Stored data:
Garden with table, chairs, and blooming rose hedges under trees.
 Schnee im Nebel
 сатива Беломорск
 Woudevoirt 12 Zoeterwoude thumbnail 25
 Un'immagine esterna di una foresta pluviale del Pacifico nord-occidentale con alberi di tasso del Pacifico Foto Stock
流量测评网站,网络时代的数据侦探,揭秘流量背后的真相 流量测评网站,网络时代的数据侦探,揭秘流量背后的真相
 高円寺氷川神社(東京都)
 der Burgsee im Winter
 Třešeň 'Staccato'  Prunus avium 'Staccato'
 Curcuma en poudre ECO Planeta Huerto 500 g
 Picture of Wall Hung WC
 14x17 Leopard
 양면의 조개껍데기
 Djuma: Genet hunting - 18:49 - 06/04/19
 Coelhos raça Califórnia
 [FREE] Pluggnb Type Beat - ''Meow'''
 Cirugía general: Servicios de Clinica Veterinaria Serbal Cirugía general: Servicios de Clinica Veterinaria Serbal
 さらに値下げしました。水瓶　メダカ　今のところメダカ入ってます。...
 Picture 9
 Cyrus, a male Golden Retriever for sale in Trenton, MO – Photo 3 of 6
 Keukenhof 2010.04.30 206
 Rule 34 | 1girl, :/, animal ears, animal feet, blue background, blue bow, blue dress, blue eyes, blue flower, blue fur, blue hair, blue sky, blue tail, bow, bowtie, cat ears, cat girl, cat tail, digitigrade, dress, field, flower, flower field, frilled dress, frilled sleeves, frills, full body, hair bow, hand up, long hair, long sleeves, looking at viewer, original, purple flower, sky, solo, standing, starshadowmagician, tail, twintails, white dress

- **Activity**: Retype exactly, and only, the lines that run from the one with "Picture of Wall Hung WC" through the final line of the entries.

- **Solution to this task**:
 Picture of Wall Hung WC
 14x17 Leopard
 양면의 조개껍데기
 Djuma: Genet hunting - 18:49 - 06/04/19
 Coelhos raça Califórnia
 [FREE] Pluggnb Type Beat - ''Meow'''
 Cirugía general: Servicios de Clinica Veterinaria Serbal Cirugía general: Servicios de Clinica Veterinaria Serbal
 さらに値下げしました。水瓶　メダカ　今のところメダカ入ってます。...
 Picture 9
 Cyrus, a male Golden Retriever for sale in Trenton, MO – Photo 3 of 6
 Keukenhof 2010.04.30 206
 Rule 34 | 1girl, :/, animal ears, animal feet, blue background, blue bow, blue dress, blue eyes, blue flower, blue fur, blue hair, blue sky, blue tail, bow, bowtie, cat ears, cat girl, cat tail, digitigrade, dress, field, flower, flower field, frilled dress, frilled sleeves, frills, full body, hair bow, hand up, long hair, long sleeves, looking at viewer, original, purple flower, sky, solo, standing, starshadowmagician, tail, twintails, white dress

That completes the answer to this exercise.